Son zamanlarda sağdan-soldan durup durup çıkıyorlar ortaya. Kimisi “Kurtuluş Savaşı olmadı” diyor, kimisi “Türkler, Kurtuluş Savaşını Rumlara etnik temizlik yapmak için yaptı” diyor. Artık o hale gelmeye başladı ki, bazen burası neresi diye gerçekten şüphe duymaya başladık! Çünkü Yunanistan’da bile özellikle Milli Mücadele yıllarında Türklerin nasıl bir etnik temizliğe tabi tutulduklarına dair kitaplar belgeleriyle yayınlanmakta iken.

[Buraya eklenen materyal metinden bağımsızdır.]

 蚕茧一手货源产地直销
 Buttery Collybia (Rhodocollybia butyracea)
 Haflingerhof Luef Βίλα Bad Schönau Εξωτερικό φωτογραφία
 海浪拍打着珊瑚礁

Tassos Kostopulos'un, 2009 yılında Yunanistan’da yayınlanmış "1912- 1922 Savaş ve Etnik Temizlik" adlı kitabı gibi. Kitap, Türklere nasıl bir soykırım yapılmaya çalışıldığını bütün belgeleriyle ortaya koymaktadır. Hadi bunlardan haberleri yok. Ya bu konuda arşivlerimizde bulunan binlerce belgeden ya da o dönemin gazetelerin de mi haberleri yok mu bunların?
Bir işe yarar mı bilemiyoruz ama bu konuda arşivlerimizde bulunan binlerce belgeden işte sadece iki raporun özeti.

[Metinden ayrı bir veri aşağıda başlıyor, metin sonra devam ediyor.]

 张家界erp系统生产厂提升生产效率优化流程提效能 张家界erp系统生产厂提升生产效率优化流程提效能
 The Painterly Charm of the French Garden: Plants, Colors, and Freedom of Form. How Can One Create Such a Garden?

“Yunanlıların, işgal ettikleri her yerde olduğu gibi Hüdavendigar, İstanbul ve Aydın vilayetleriyle Karesi, İzmit, Kal’a-i Sultaniye ve Kütahya livalarında da öncelikle mülkî ve malî idareyi ele alıp erkan-ı hükümet, mutasarrıf, ceza reisi, müddeî-i umumî gibi hükümet ileri gelenleriyle eşrâfı tutuklayıp öldürdükleri veya sürdükleri, hükümet dairelerindeki eşya, evrak ve defterleri yağmalayıp tahrip ettikleri, Osmanlı Hükümetini her türlü icra vasıtasından mahrum etmek için polis ve jandarmanın silahlarını toplayıp bir kısmını vilayet dışına çıkardıkları, Müslüman mahallelerini mitralyözlerle ateş altında tuttukları, köyleri basarak Müslümanları camiye doldurup yakarak öldürdükleri, Müslümanların bütün mallarını yerli Rum, Musevî ve Ermenilerle birlikte yağmalayıp her türlü yiyecek, giyecek, eşya, nakit para ve hayvanlarını Yunanistan’a sevk ettikleri, tarla ve harmanlardaki mahsulatı yaktıkları, Müslümanların ellerindeki silahları toplayıp Hıristiyanlara dağıttıkları, Türklerin bıçaklarının ucunu dahi kırarak onları her türlü savunma aletinden mahrum bıraktıkları, rastladıkları insanları çeşitli uzuvlarını kesmek, kestikleri uzuvları yedirmek, ayaklarından ağaca bağlayıp altlarında ateş yakmak, canlı canlı kuyuya atmak, öldüresiye dövmek gibi işkenceler yaparak öldürdükleri, kadınların çıplak cesetlerini, kestikleri uzuvlarını da üzerlerine koyarak yollara bıraktıkları, beş-altı yaşındaki bir çocuğun dahi gözlerini oyup pencereden atacak kadar vahşet uyguladıkları, eli silah tutan Müslümanları sürüp savunmasız kalan kadınlara işkence ve tecavüz ettikleri, bazı yerlerde Yunan hukuk mahkemesi teşkil edip çok şiddetli uygulamalarla halkı korku içinde bıraktıkları, hapishanedeki tutukluları salıverdikleri, Osmanlı parasını tedavülden kaldırdıkları, Kuva-yı Milliye üyesi oldukları iddiasıyla pek çok kişiyi tutuklayıp öldürdükleri, ihracatın yasak olduğu yerlerde sadece Hıristiyanlara ihracat için izin verdikleri, ezan okutmayıp halkın namaz kılmasına engel oldukları ve buna benzer zulümlerine dair.”(21 Ocak 1921, BOA. HR. SYS. 2611/2)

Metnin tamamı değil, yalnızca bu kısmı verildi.